Bliss in the midst of mayhem.  Wow!  Be here now.  Live now.  Don’t give up!  Bloom!

Now this is, again, a homely little homily.  But you know what?  I used to be one of those out there storming the barricades, so to speak, taken up with BIG things, and I value that way of being.  But there is also another way, a quieter, more earthy way, a more gentle, Taoist way, I guess.  That way is just to be with what is, however it is, however hard or sad or challenging it is, and somehow see the good, and do the good, and feel the Presence of Life, in all events and all circumstances.  Not being a Pollyanna; I don’t mean that.  It does hurt when a precious thing breaks, a precious one dies, when so much suffering is abroad.  It is important to be with that too.
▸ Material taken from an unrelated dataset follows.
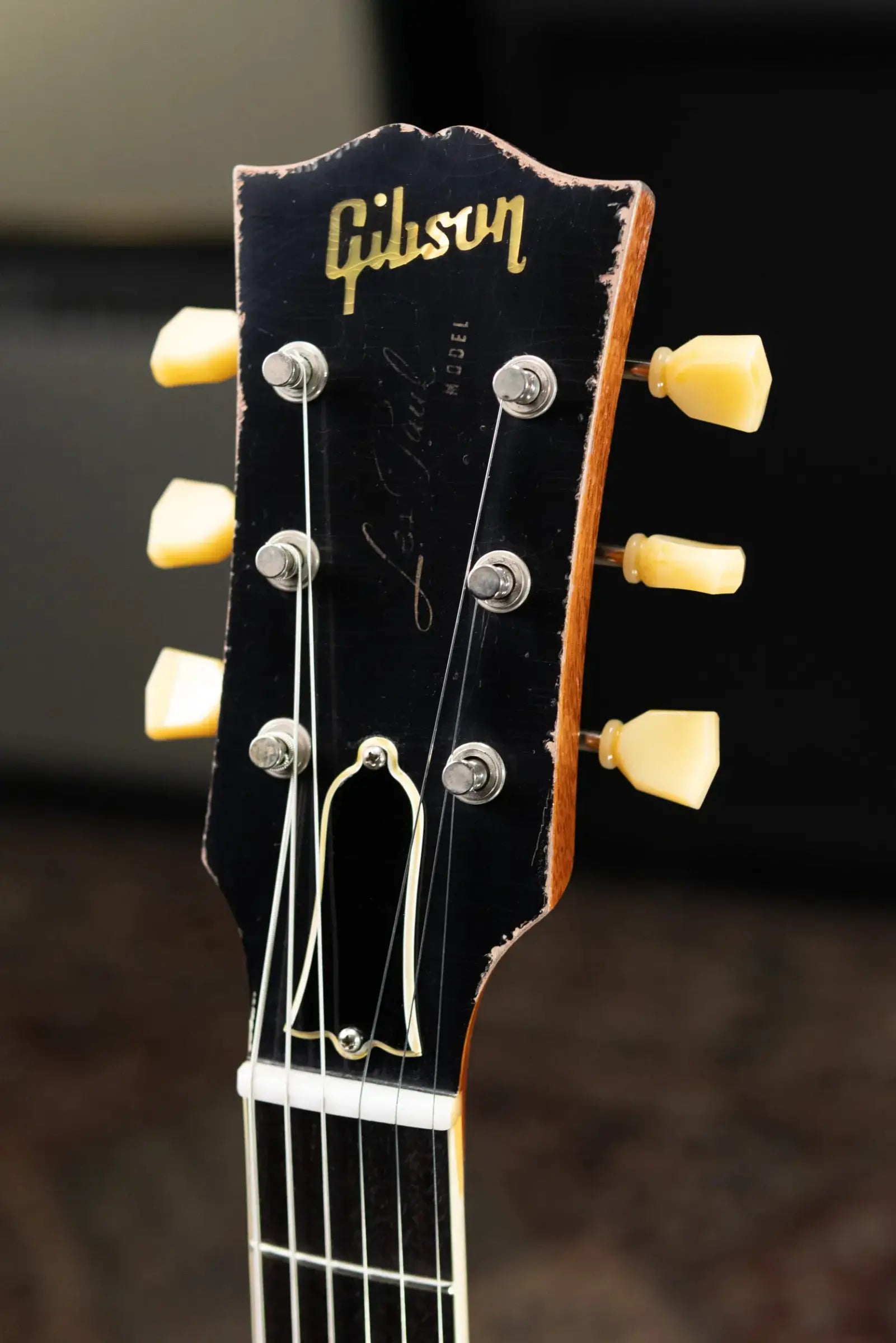 Gibson Custom Shop Limited Edition 1959 Les Paul Standard Reissue Murphy Lab Electric Guitar - Molten Amber Burst Heavy Aged with Hardshell Case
Looking it right in the eye, experiencing that deeply.  And also.  And also.  And also, finding a “Yes!”   Somewhere, a “Yes, and, “   my life motto, “Yes, and…there is also the good, always some good, some beautiful, that deserves our notice, our commitment, our responsibility to keep on keeping on. ”

At least that’s what I’m telling myself, even as a hurricane bears down on the East Coast of the U.S. shortly after an unusual earthquake and a wild war in Libya and a famine in other parts of Africa and my giant oak tree that is dropping limbs, dropping limbs, maybe dying.

Nonetheless, I’m holding on to my dream, the dream of last night, and the dream of my lifetime.  I stand with the bliss bestowing tree, living and dying.

Let us all bloom!  Now! No matter what, let’s do our best.  Let’s “pull it together” as Steve said in the dream, and do our best.

And, also as Steve said, don’t forget, we’re here to have some fun, no matter what breaks!